Review: The Master and Margarita, Barbican Centre
Mikhail Bulgakov’s great satiric novel cries out for theatrical adaptation. Not only does it use the theatre as an integral metaphor and a central plot point, it is so vividly written that the narrative runs like a movie in your head. At the same time, however, its kaleidoscopic structure seems too disjointed and its hallucinogenic episodes, too impossibly otherworldly to fit the stage. “Go on,” it seems to whisper with a grin, “Dare you.”
Simon McBurney’s staging then deserves praise for simply making it to the stage and handling its story with the utmost of clarity. What nags is that its central concern seems simply, “How might we stage this bit?”

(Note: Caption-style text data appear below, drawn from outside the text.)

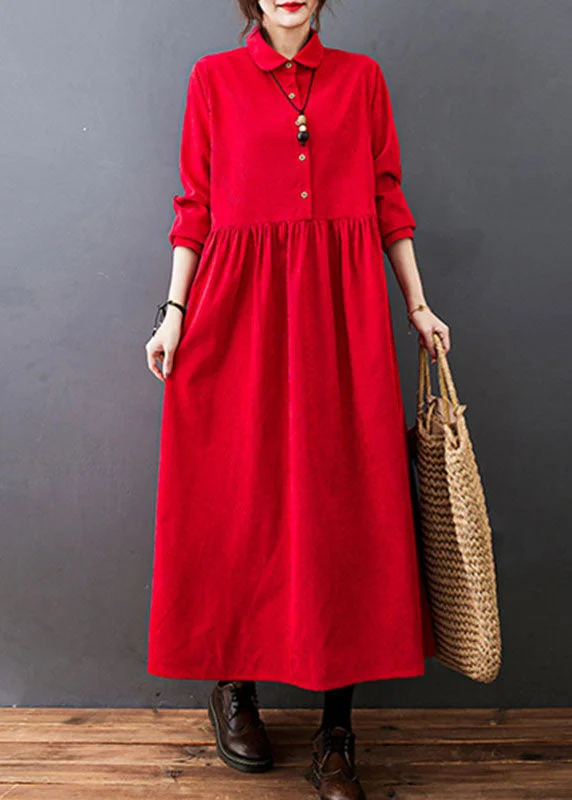 Red Drawstring Button Corduroy Holiday Long Dress Long Sleeve Playful Elegance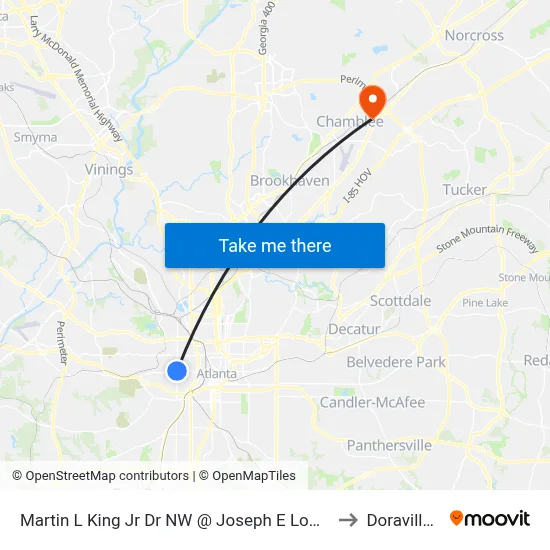 Martin L King Jr Dr NW @ Joseph E Lowery Blvd NW to Doraville, GA map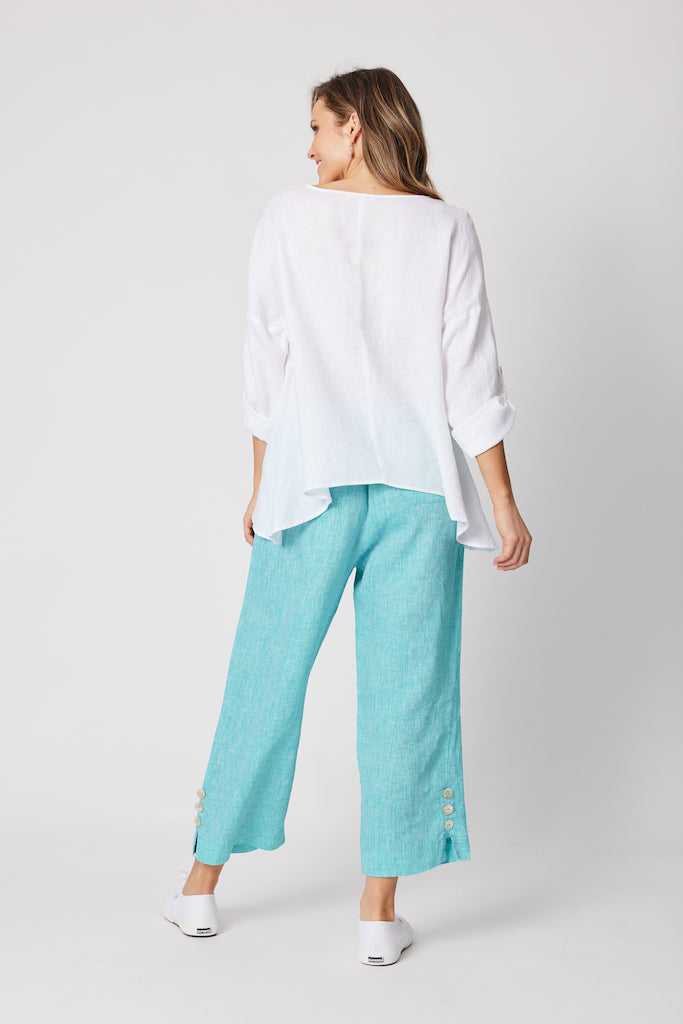 Linen Top with Tab Sleeve - White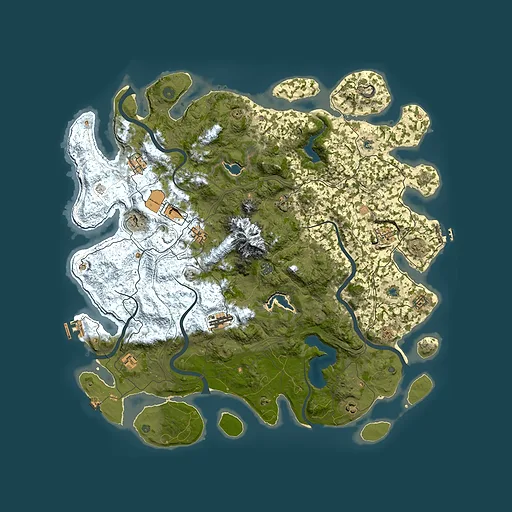 Rust map seed 130046993, 5000x5000m top-down preview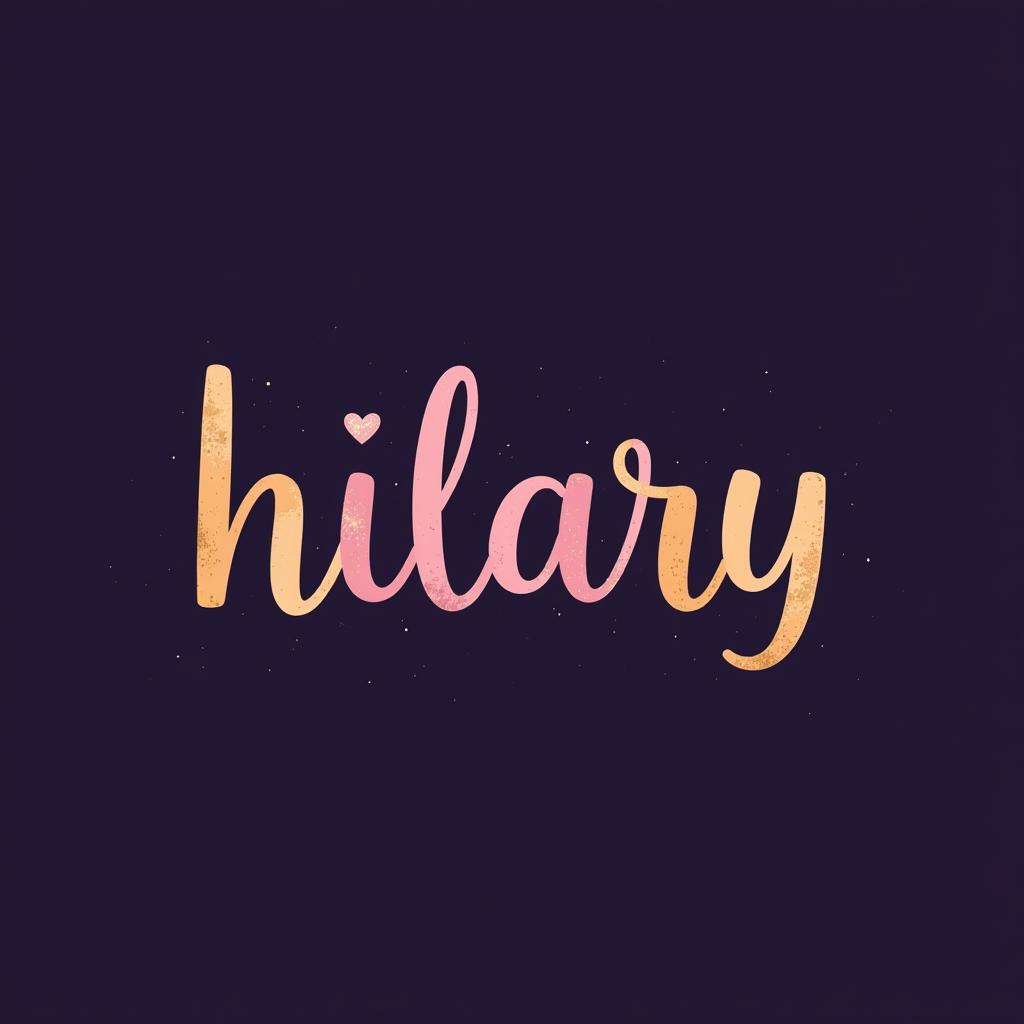  a logo of full name of hilary with combination of gold, light pink and light purple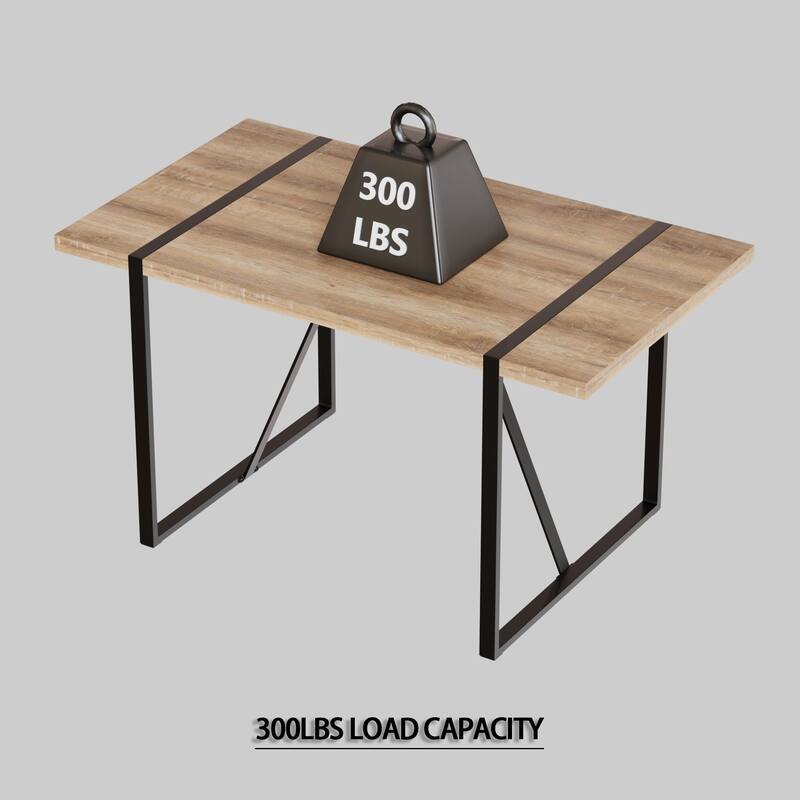 Modern 5-Piece Dining Set with Rectangular MDF Table & 4 PU Armless High Back Chairs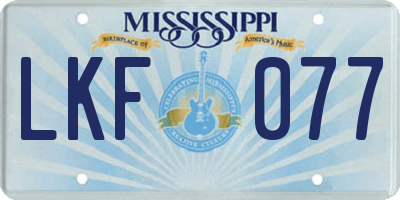 MS license plate LKF077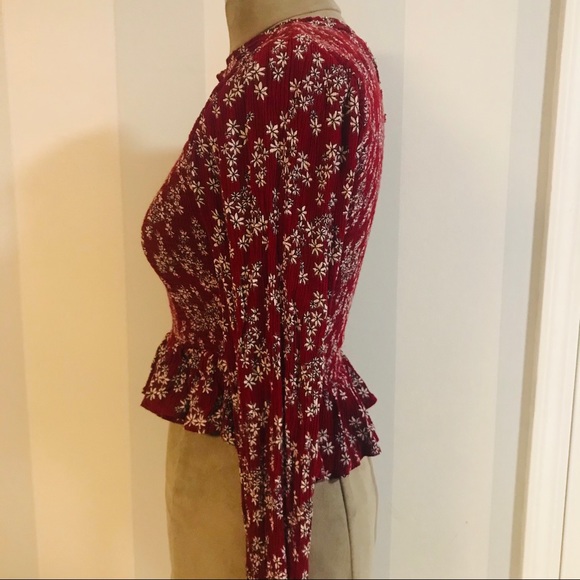 Burgundy Smocked Long-Sleeve Peplum Crop Top - Picture 3 of 7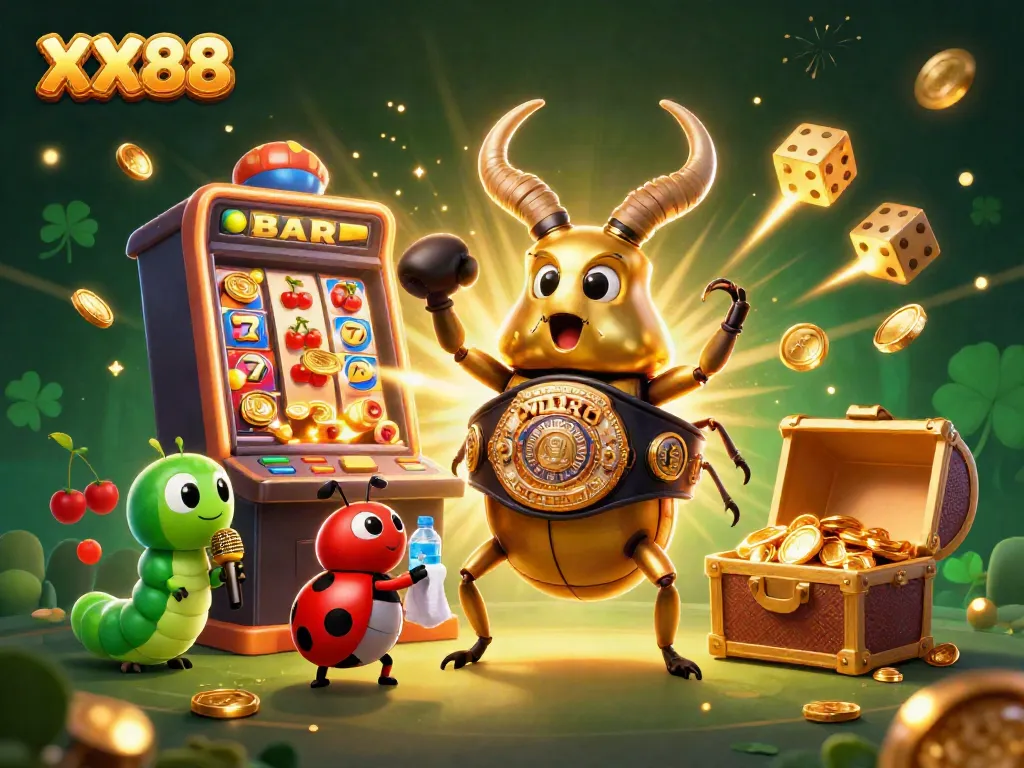 Experience exciting wins at XX88 with a vibrant casino scene featuring iconic characters and rewards.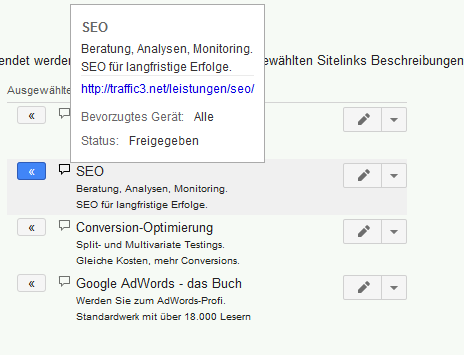 Freigabestatus von Sitelinks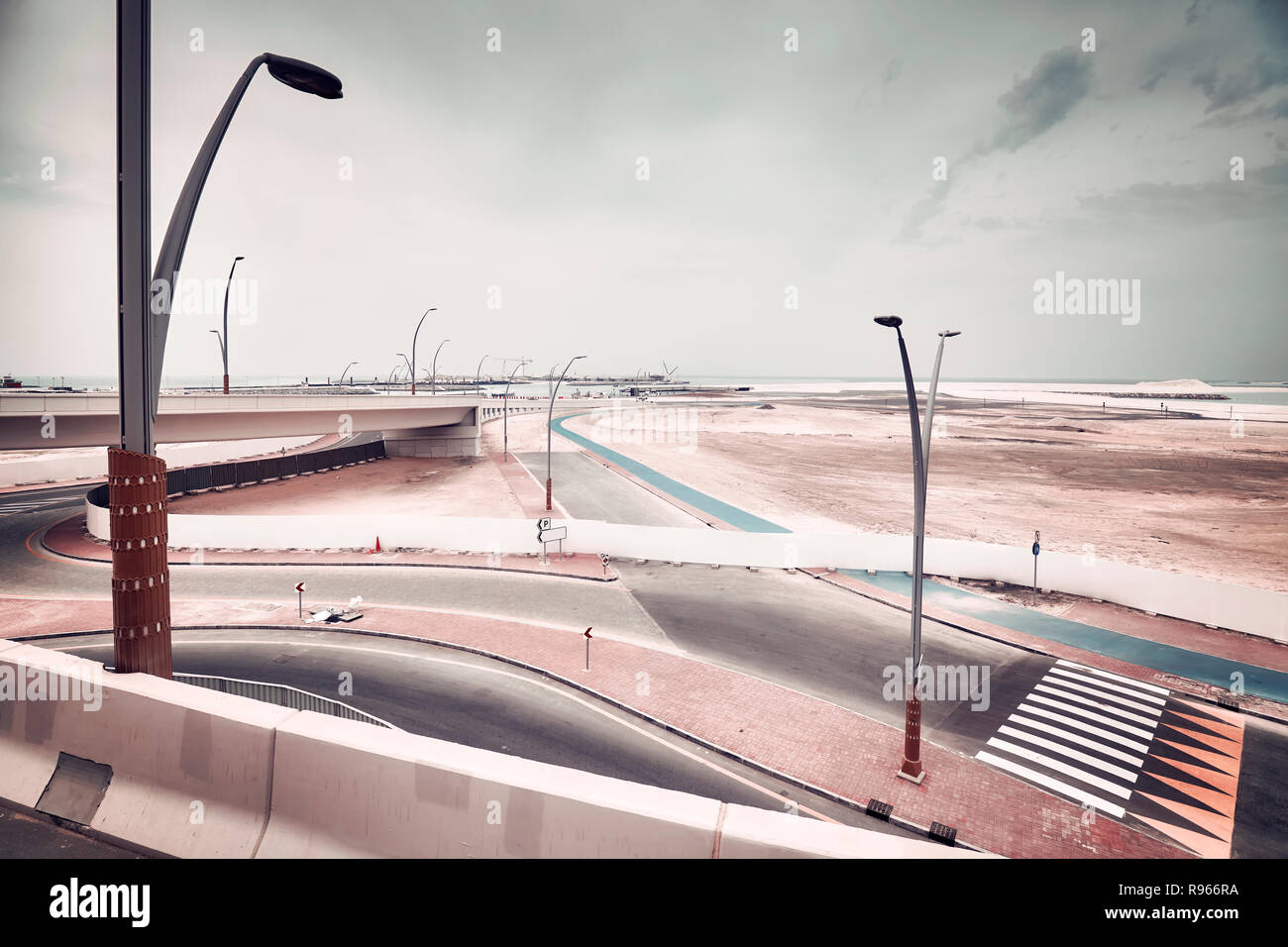 Moderne Verkehrsinfrastruktur Baustelle, Farbe getonte Bild. Stockfoto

Beyond Es Devlin’s projection-orientated design, which maps Moscow into a series of blueprint plans as Lars von Trier did in Dogville, there is very little attempt to link the various sections together thematically. The result is that Complicité present the story rather as is, without really weaving an interpretative path through. Rather than using the new medium to illuminate, McBurney’s production seems content merely to translate from one to another, simply realising the text in three dimensions. It seems a waste; theatre as technical exercise.
That’s not to say that The Master and Margarita is just a fantastical tale. It’s central message, that every individual has a responsibility to speak his or her true mind rather than blithely following the grain, seems particularly pertinent in a world struggling to reorder, even to reinvent, itself.
Bulgakov’s Moscow, corrupt and money-driven on the surface, is easy prey for the devilish Professor Woland because its majority silently conform. He can whip them into a frenzy or steer them like cattle. There are too few men like the Master (Paul Rhys), whose prosaic reconfiguration of Christ into a non-divine Holy Man shows his willingness to stand up and be counted no matter the cost. (McBurney and co-writer Kemp entwine these two layers exquisitely, so that Christ and Pilate exist next to the Master and his Margarita.) By making a casting triangle of Woland, the Master and Christ, McBurney sews them smartly together to form the truss of Bulgakov’s novel.
Beyond that, however, it is an impressive, but strangely cold and surprisingly heartless affair. McBurney has deliberately toned down the novel’s popping-candy quality in favour of a more sparse and Soviet aesthetic. That makes the more freewheeling second-half, which hops from the Master to Margarita’s tale, the more enjoyable, as a blue-bodied, raspy Sinead Matthews graces the Devil’s ball full of dinner-jacketed decaying guests.
Even so, the over-reliance on technology somewhat castrates Complicité’s stagecraft. For the flying sequence, Matthews lies on the floor, on which projected backdrops whizz past, and just wobbles a bit. Filmed from above and re-projected on the backwall, the effect reminds one of shoddy Superman green-screen techniques. The tram collision, a rush of bodies behind a phone-box-like structure on wheels, is ten times more effective.
The truth is that McBurney’s staging, for all its technical wizardry, can’t live up to the phantasmagoria the novel conjures in your head. Woland’s three henchman are a case in point. Here, Azazello and Koroviev – a squat, snaggle-toothed bundle and a humanoid brick wall – are reduced to the (admittedly caricaturish) human forms of Ajay Naidu and Angus Wright, while Behemoth the oversized cat becomes a rather ungainly puppet. In their own theatrical terms, none of these things are problematic, but next to the pictures Bulgakov paints they fall drastically – and inevitably – short.